Read Life After Wife Online

Authors: Carolyn Brown

Life After Wife (5 page)

He bit his lower lip. “You are a spitfire.”

“You are the devil.”

“OK, the ugly purple recliner can stay. Anything else you’re going to have a fit over?”

“The bookcase can’t be touched. I don’t care if you bring in your ugly, old, modern big-screen television, but you touch that rug in front of the fireplace, and I’ll poison your iced tea.”

“I don’t drink iced tea. I like ice-cold Dr Pepper,” he said.

“You can go to…” she stopped midsentence.

He chuckled. “I thought you were a preacher’s wife.”

“I thought you were a…” She couldn’t think of a word ugly enough to say. Not even her extensive repertoire of cuss words had one that would describe Elijah.

“I’ll let you think about that while I go tell these guys where I want the rest of my things placed,” he said.

Suddenly, Sophie was starving. She hadn’t known true hunger since the policeman knocked on her door and told her that there had been a plane crash. Fancy ate like a horse when she was upset. Kate always ate enough for two field hands. But Sophie ate when she had to, not because she wanted food.

She marched into the kitchen and opened the refrigerator. She piled little containers of leftovers on the cabinet and got a fork from the drawer. Cold chicken wasn’t bad at all; neither were baked beans or potato salad. When she took the top off some sauerkraut and hot links she paused.

“No guts, no glory,” she mumbled as she dug in.

“Wow! Even that’s good. Standing up for myself gave me an appetite! By Christmas, I may be calling on Omar the Tentmaker to make my clothes if it’s always like this,” she said when she’d chewed the first bite.

Elijah helped carry in his television and his sofa that matched the recliner. True to his word, he didn’t touch the ugly chair over by the bookcase. He scanned the titles, surprised to find several of his own favorite authors scattered among the familiar old classics that Maud had read and reread.

He’d finally accomplished his goal and made Sophie mad enough that she’d stormed off in a snit. Now he could do what he wanted with the den.
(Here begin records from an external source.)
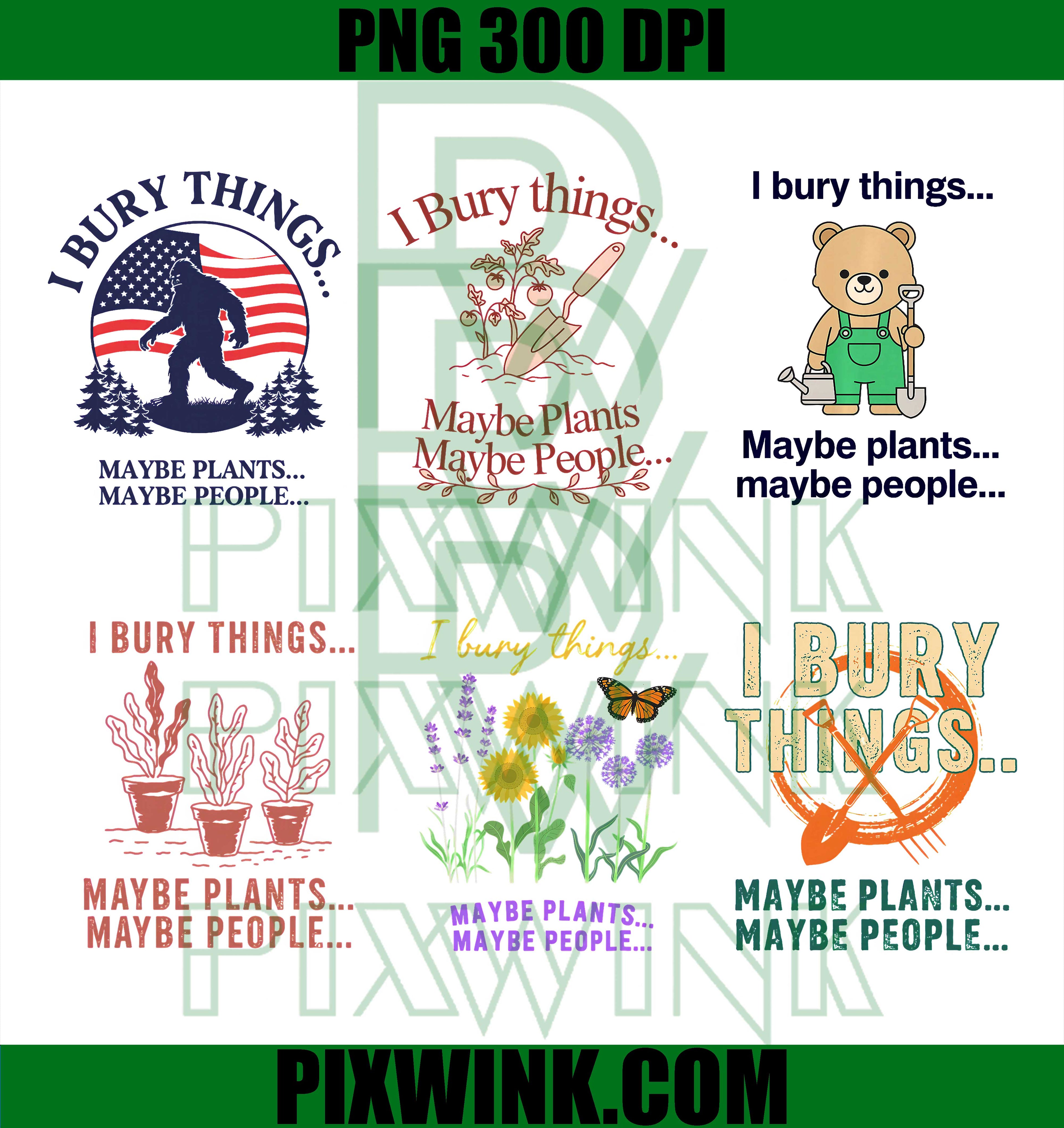  I Bury Things Mixed Bundle PNG, Funny Gardening Sublimation PNG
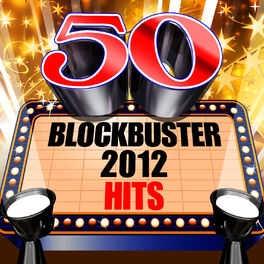 Album cover of 50 Blockbuster 2012 Hits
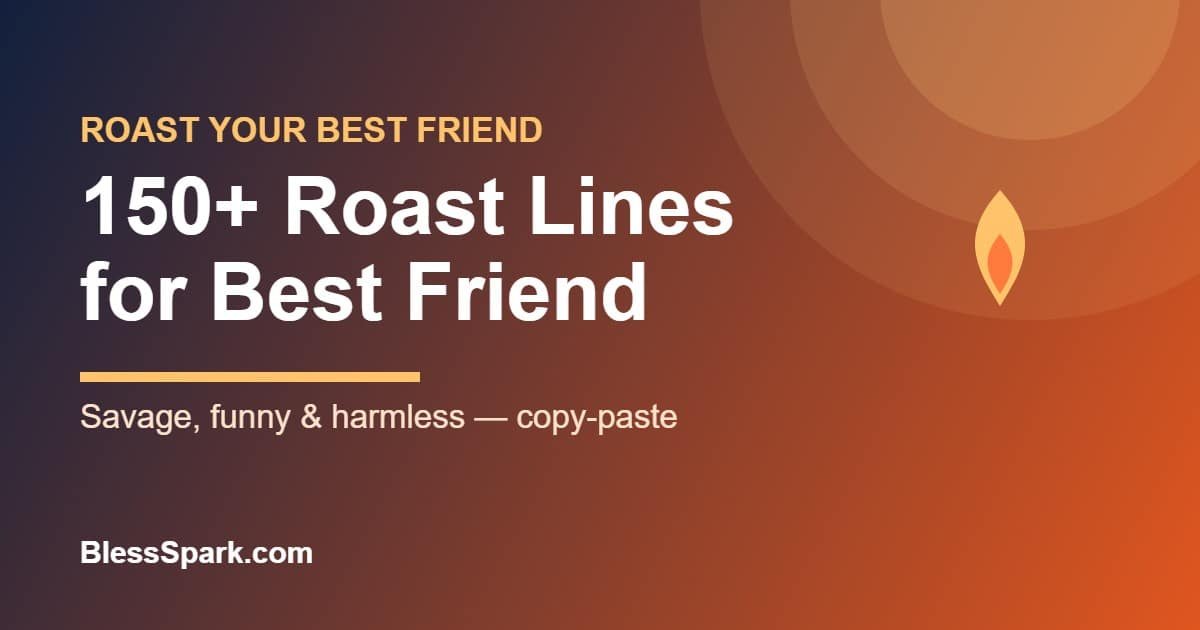 150+ funny roast lines and comebacks for your best friend - BlessSpark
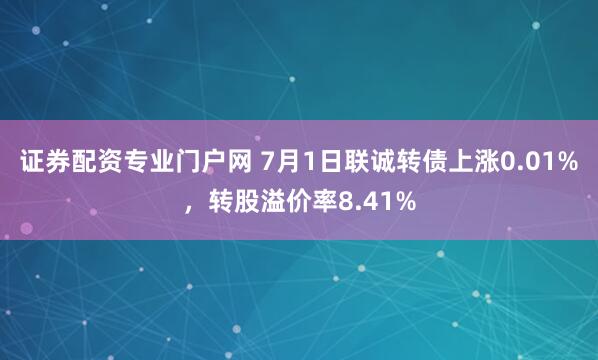 证券配资专业门户网 7月1日联诚转债上涨0.01%，转股溢价率8.41%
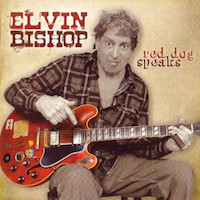 2009. Elvin Bishop, Red Dog Speaks, Delta Groove Productions, Inc.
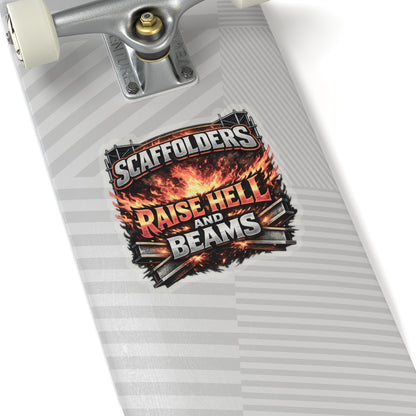Raise Hell and Beams Sticker, Scaffolder Hardhat Stickers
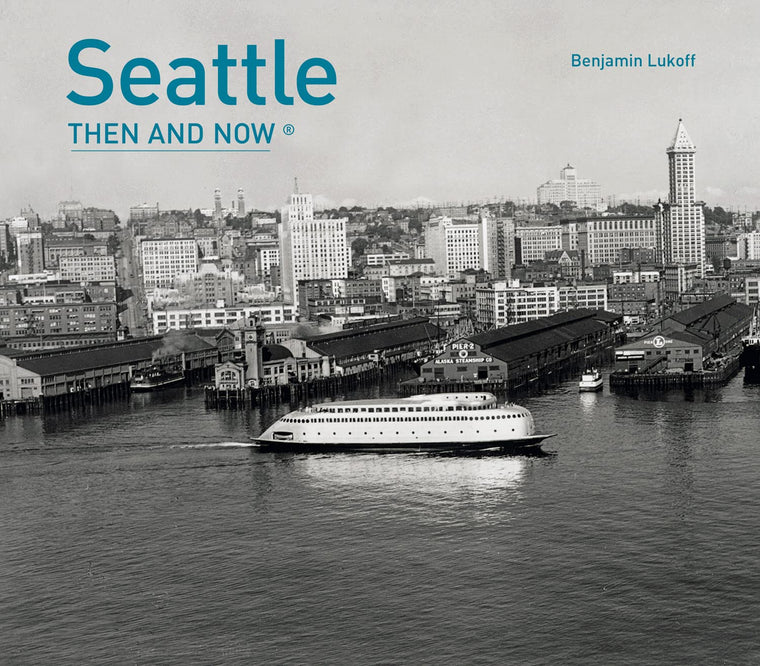 Seattle Then and Now?: A Non-Fiction Visual Guide to Landmarks Like the Space Needle and Pike Place Through the Decades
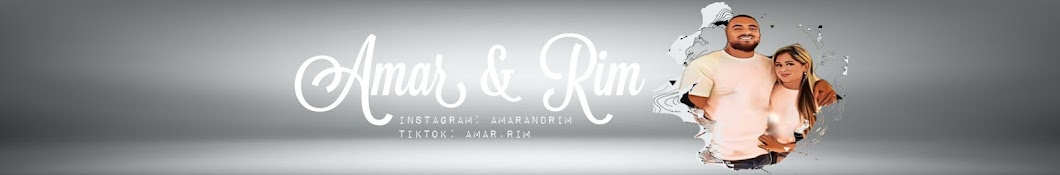 Amar & Rim - عمار و ريم Banner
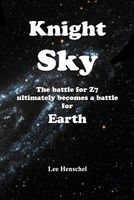 Cover of Knight Sky the Battle for Sector Z7 Ultimately Becomes a Battle for Earth by Lee Henschel Jr.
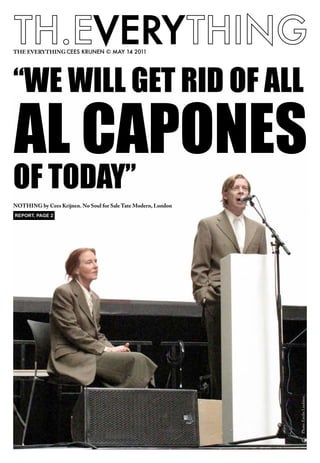 TH.EVERYTHING
THE EVERYTHING CEES KRIJNEN © MAY 14 2011




“WE WILL GET RID OF ALL
AL CAPONES
OF TODAY”
NOTHING by Cees Krijnen. No Soul for Sale Tate Modern, London
REPORT, PAGE 2




                                                                Photo: Emilie Lindsten.
 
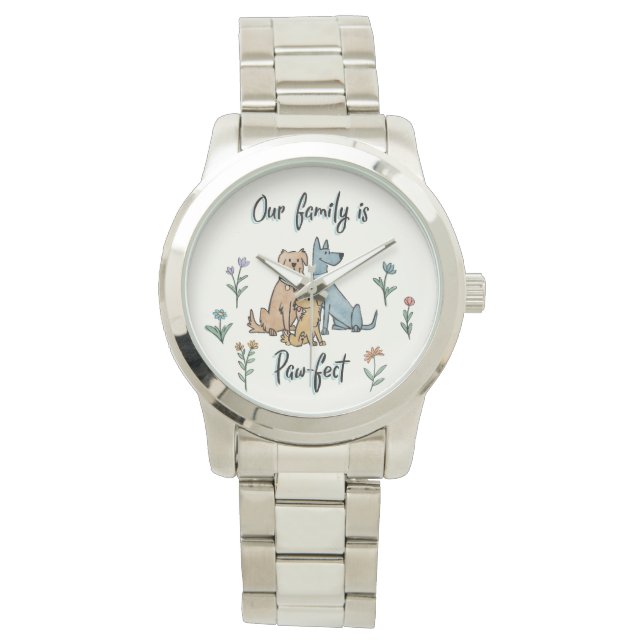 Dogs in the Garden IV | Our Family Is Paw-fect Watch (Front)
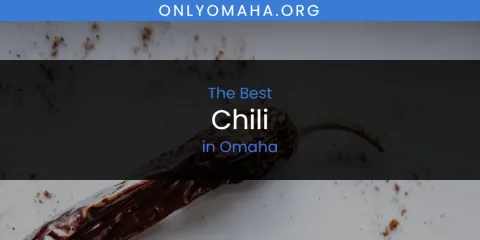 Guide to Best Chili in Omaha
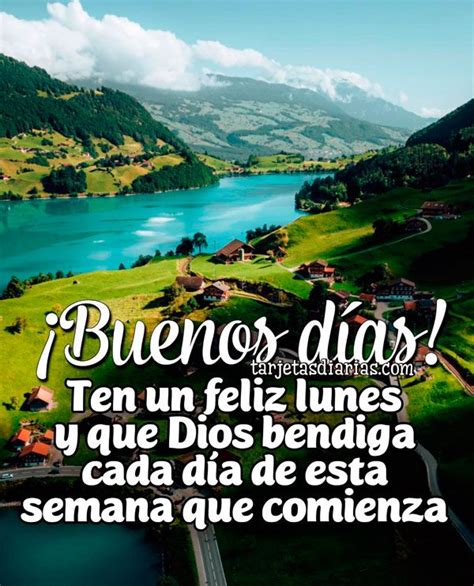 Buenos D As Ten Un Feliz Lunes Y Que Dios Bendiga Cada D A De Esta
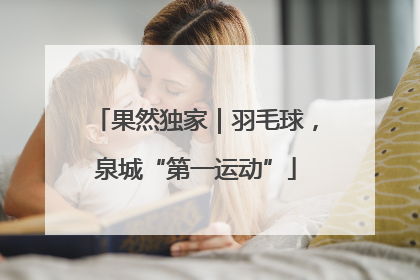 果然独家｜羽毛球，泉城“第一运动”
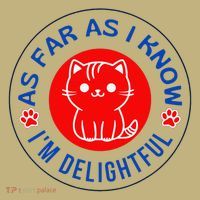 As Far As I Know Im Delightful Cute Kitty Owner Humor Mousepad thumb 1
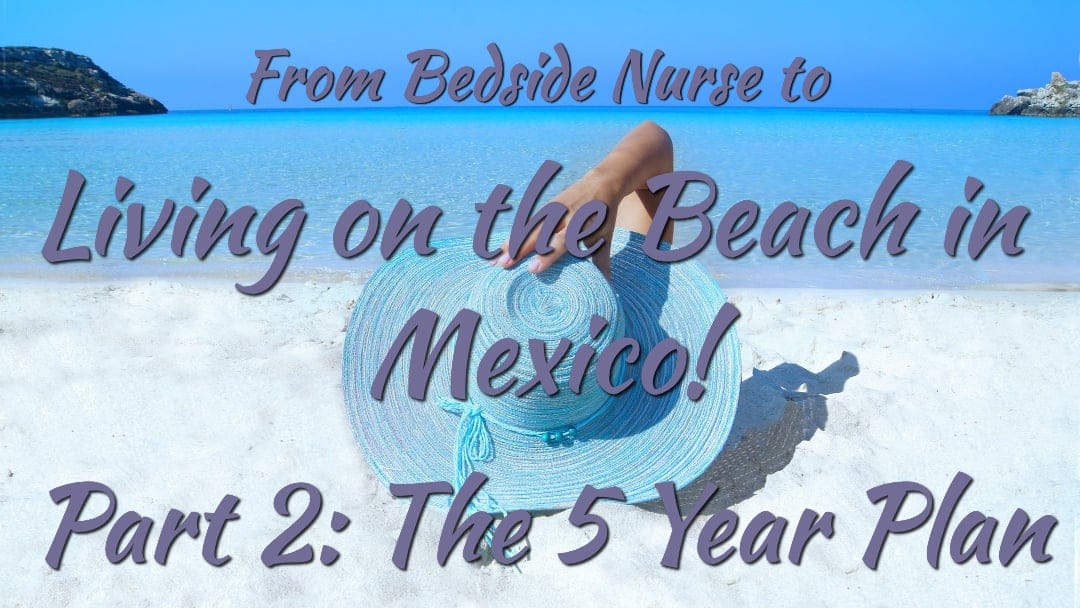 From-Bedside-Nurse-to-Living-on-the-Beach-in-Mexico-Part-2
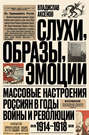 Слухи, образы, эмоции. Массовые настроения россиян в годы войны и революции (1914–1918)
The sofa needed to be exactly the right distance from the television to get the full effect of the big picture. The stereo system went into the corner where an antique secretary had sat for so long that there was a light spot on the carpet when they took it out of the room. He put on a Zac Brown CD and turned the volume to the right loudness as the guitar music started. He wiggled his head to the lyrics as Zac sang “Colder Weather.”

Elijah loved the mountains in Wyoming and Montana, but he wouldn’t want to live there forever. Still, the song reminded him of the times he’d taken his vacation time and gone to a cabin in the mountains and watched the sunset over the snowcaps. He sang loudly with Zac as he arranged things just so.

Sophie heard the music and carried the bowl of cold sauerkraut to the den. She could hardly believe that Elijah
would like that particular band. Hard rock went with his motorcycle image, not Zac Brown.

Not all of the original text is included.